Amid the horrors of war in Gaza, a woman pregnant with quadruplets had to walk five kilometres in search of shelter for her unborn babies. The Gazan woman, 28-year-old Iman al-Masry has now given birth to her premature children, one of which was too weak to leave the hospital.
Simply exhausted
Talking to news agency AFP, the mother said she is simply exhausted after giving birth to the quadruplets in a hospital in Southern Gaza.
al-Masry, when she was six months pregnant, had to flee her family home in Beit Hanun on foot, along with her three other children seeking safety.
The family had to walk five kilometres (around three miles) to the Jabalia refugee camp. “The distance was too long,” the young woman told AFP.
“It affected my pregnancy,” she added. On December 18, she gave birth by C-section to daughters Tia and Lynn and sons Yasser and Mohammed.
Of the four, Mohammed was too fragile to leave the hospital. However, to make space for other patients of war, Iman and her other newborns had to leave the medical facility.
“Mohammed weighs only one kilogram (2.2 pounds).
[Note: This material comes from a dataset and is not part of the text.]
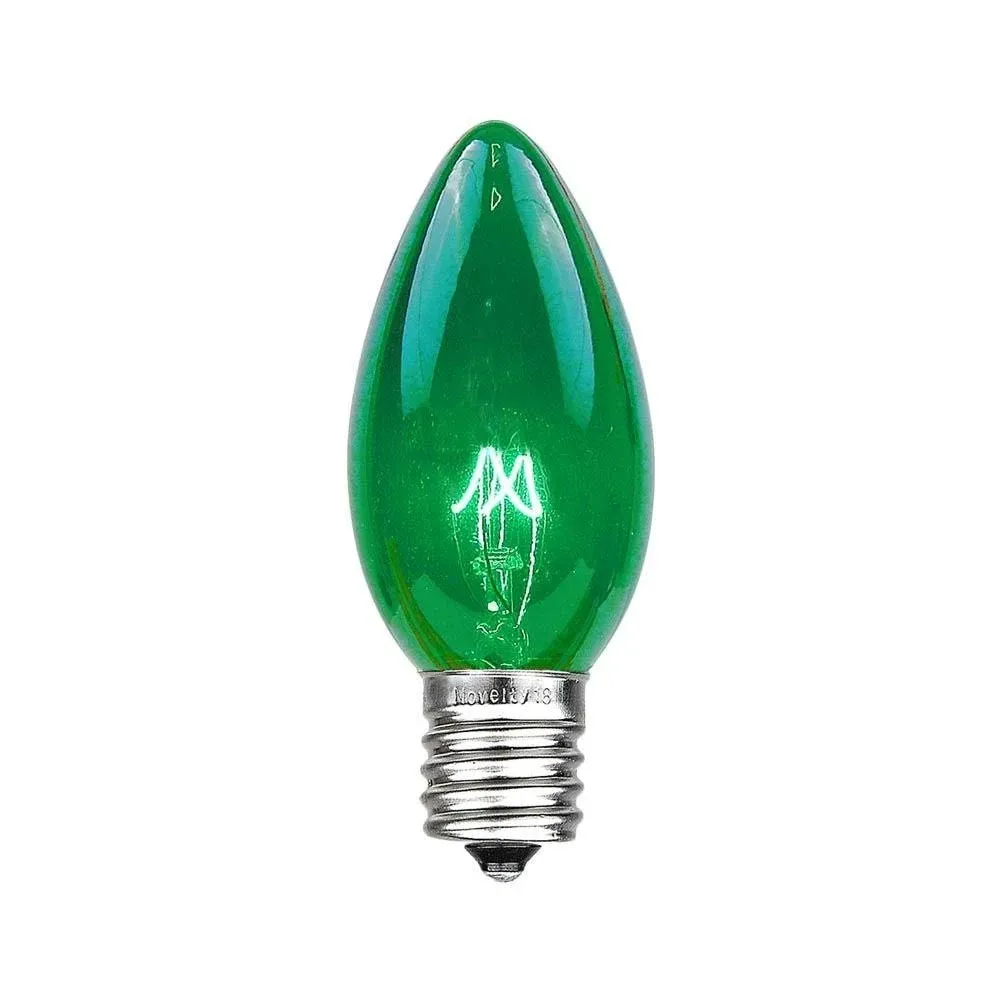 Novelty Lights 25 Pack C9 Outdoor String Light Christmas Replacement Bulbs, Green ...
He cannot survive,” said Iman, talking about the child she had to leave behind at a hospital in the Nuseirat refugee camp.
The mother and her other three newborns are now living in a cramped schoolroom turned shelter in Deir al-Balah along with around 50 other members of their extended family.
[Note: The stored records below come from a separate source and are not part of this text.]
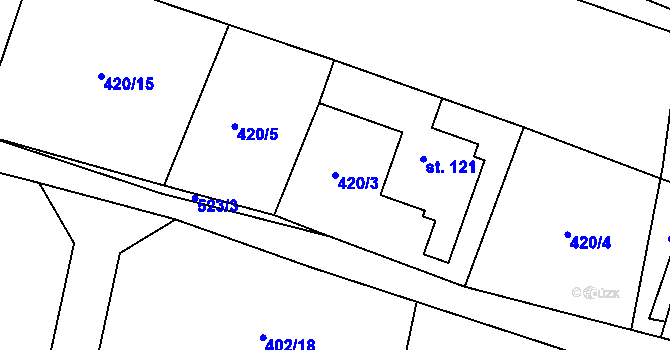Parcela st. 420/3 v KÚ Zádub, Katastrální mapa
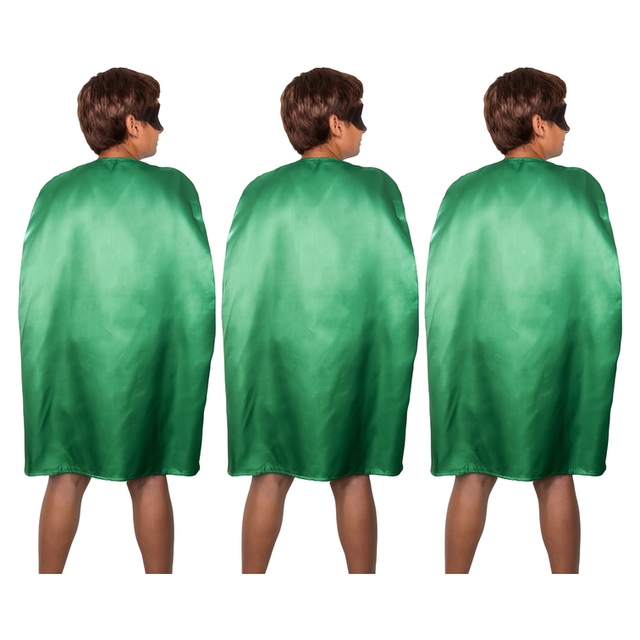3x Medium Green Cape Pack - Vampire Cloak/Superhero Costume for Halloween/Fancy Dress Party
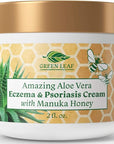Manuka Honey Eczema Cream Moisturizing Lotion Treatment for Psoriasis Relief - Itchy, Dry Skin Rash Ointment - Soothing Moisturizer for Baby, Kids, Adults - High Strength Body & Face Cream 2oz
Talking to AFP, she recounted her journey from “hell,” and said: “When I left home, I had only some summer clothes for the children. I thought the war would last a week or two and that afterwards we would go back home.”
Now, more than 11 weeks later, her hope of going home has shattered.
The human cost of war
Iman is not alone. Thousands of Gazans have been rendered homeless by the war that began on Oct 7, with Hamas launching an attack on Israel. In the first attack, as per Israeli figures, 1,140 Israelis lost their lives. Another 250 were taken hostage by the Hamas militants, 129 of them still remain in captivity.
The retaliatory attack by Israel according to the latest toll issued by Gaza’s health ministry, has killed at least 21,110 people — about two thirds of them women and children.